This story was corrected on April 2, 2013. An explanation follows the story.
After emotional and sometimes tearful testimony on Thursday, Zakaria Oweiss, a Potomac doctor convicted 10 years ago of bludgeoning his wife to death, lost his appeal to get out of prison early.
“The sentence in this case fits the crime,” said Judge Michael Pincus, who was the judge at the original trial in 2003, when Oweiss was convicted of second-degree murder. “The motion for modification is denied.”
About 30 family members and friends attended the hearing at Montgomery County Circuit Court.
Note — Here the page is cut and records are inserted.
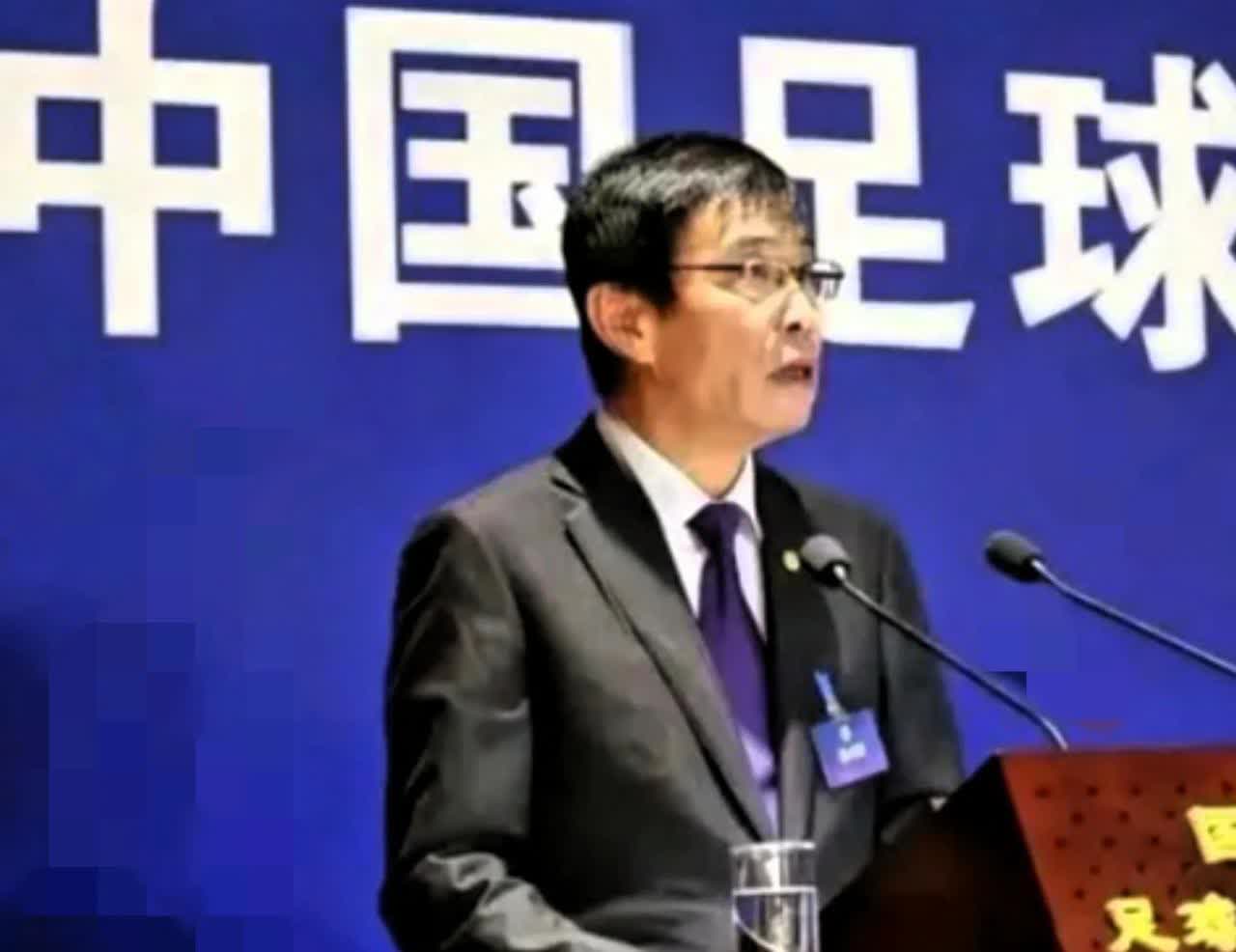 足协主席现在脸都绿了。
他怎么也没料到，球迷会把矛头对准赞助商。


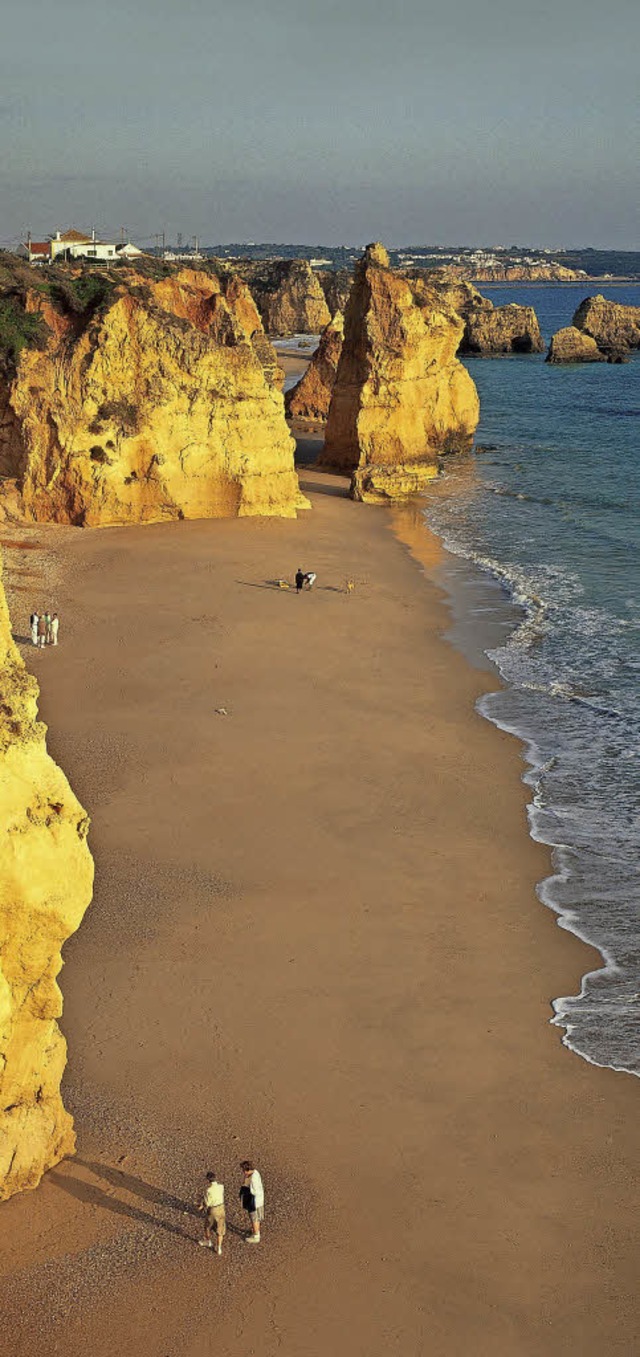 Des Urlaubers Glck: ein typischer Str...d: der Strand von Carapateira (rechts)  | Foto: Stephan Brnjes
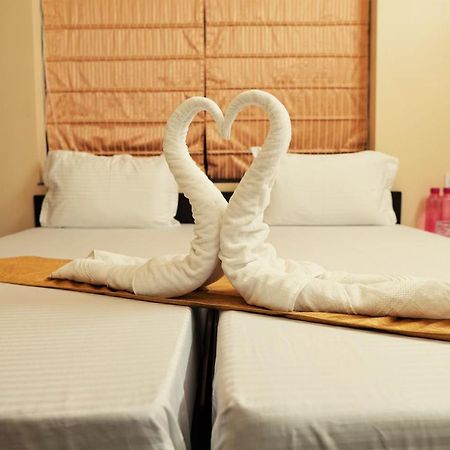 Rama Golden Root New Town Hotel Kolkata Ngoại thất bức ảnh
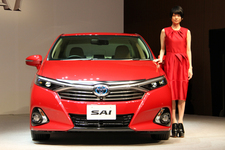 トヨタ 新型SAIと真木よう子さん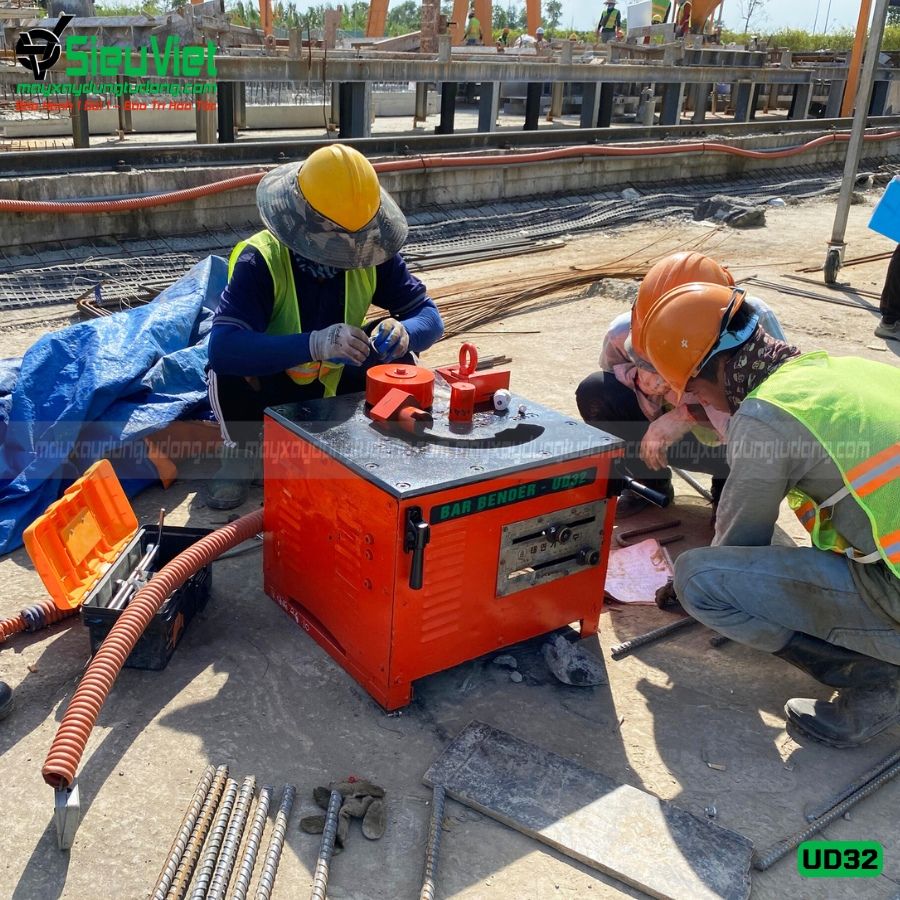 (Cũ) Máy uốn sắt phi 32 UD32 Hàn Quốc (Điện 220v, Dân dụng)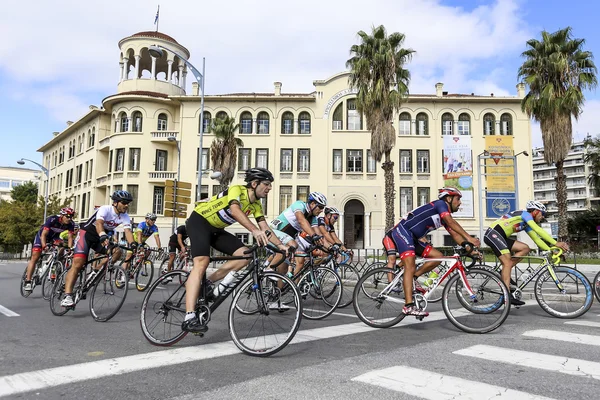 Ciclistas competem nas ruas centrais de Salónica durante t — Fotografia de Stock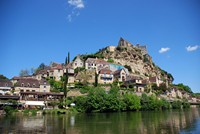 Voyages - Séjours > Périgord - Mai 2009 > Beynac et Cazenac depuis une gabarre sur la Dordogne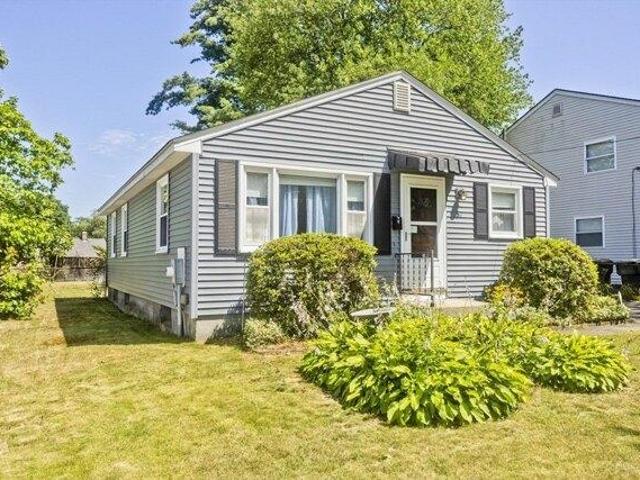 3 bedroom, Springfield MA 01104 104609261
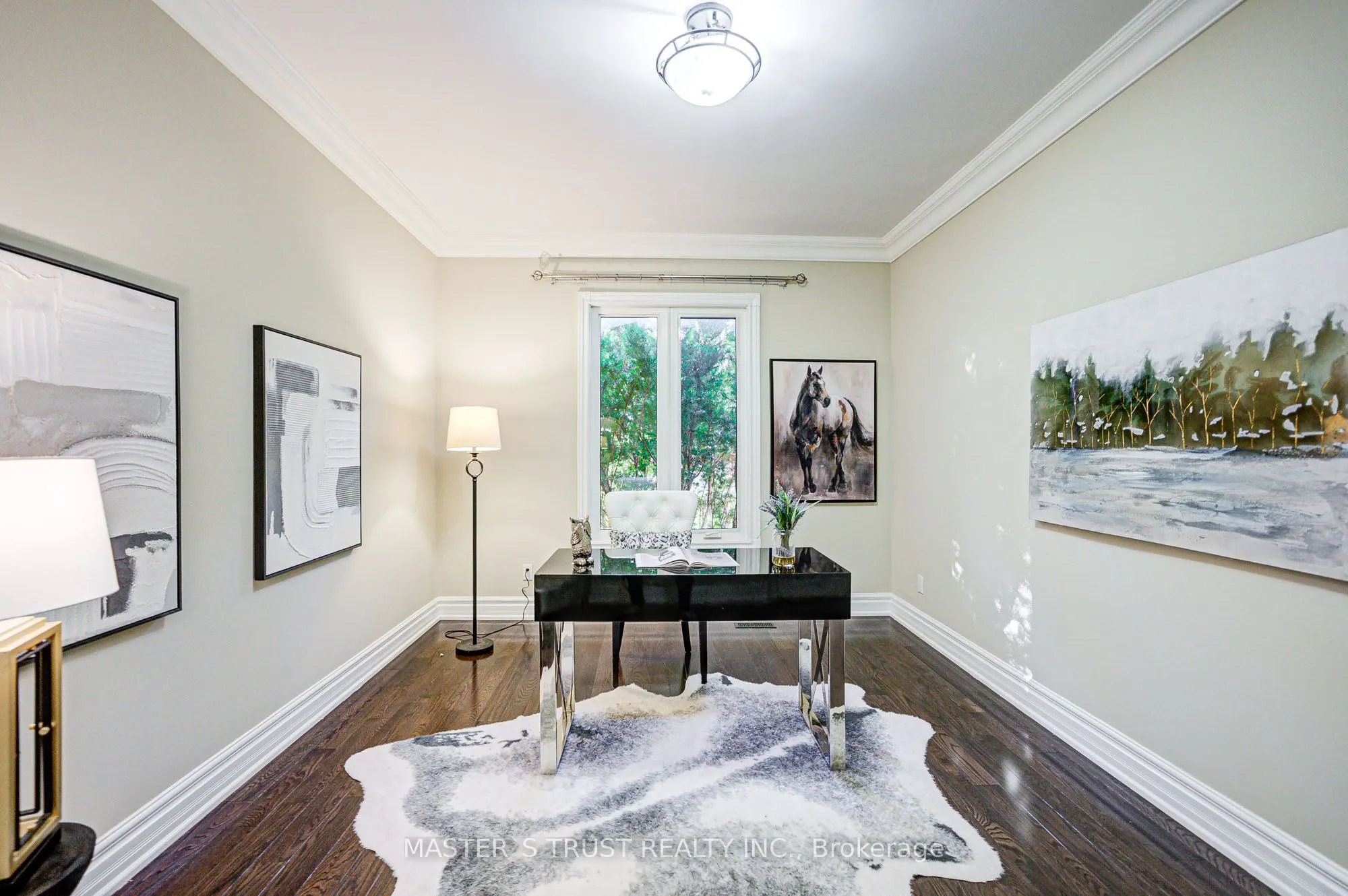 2 Lytton Boulevard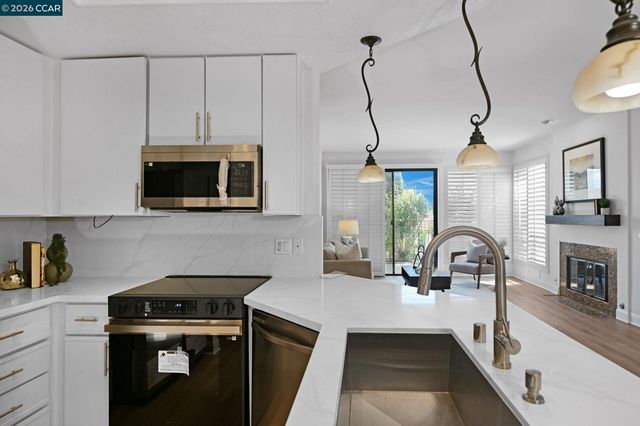 3113 Lakemont Dr 1, San Ramon, CA 94582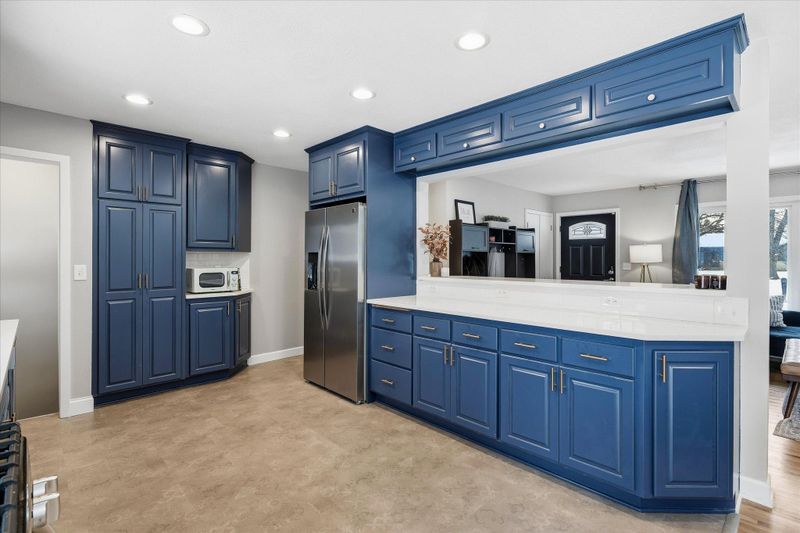13404 34th Ave N, Plymouth, MN 55441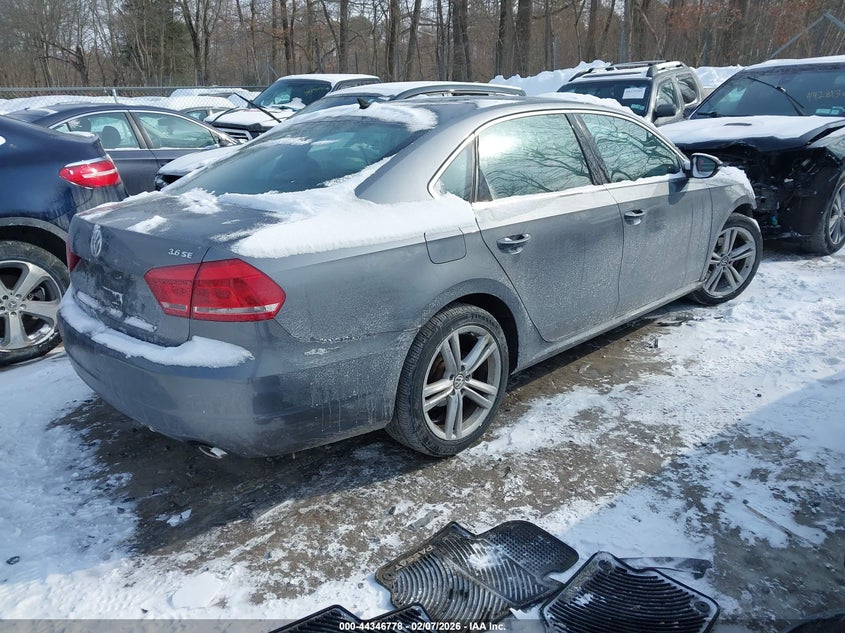 2012 Volkswagen Passat 3.6L V6 Se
Under Maryland law, a judge can modify a prisoner’s sentence. Pincus originally sentenced Oweiss to 30 years, the maximum allowed and well beyond the 12 to 20 years recommended by sentencing guidelines.
In Maryland, inmates are generally eligible for parole after they have served at least 50 percent of their sentence.
The courtroom, packed with the defendant’s friends and family, let out moans and gasps when the judge read the verdict.
“We are very pleased the judge upheld the verdict,” said Donna S. Fenton, the prosecutor for the state.
The physician made headlines in 2003 when he was accused of fatally striking his wife, Marianne, in the head with a rubber mallet. He was 58 at the time; she was 47. The seven blows were so severe, they fractured her skull and damaged her brain, said Pincus, who described the case as “particularly vicious and brutal.”
Zakaria and Marianne grew up in other countries — he in Egypt, she in Germany. They married in the U.S. in 1979 and had two boys, Omar and Amin. Marianne was the office manager and bookkeeper of his practice.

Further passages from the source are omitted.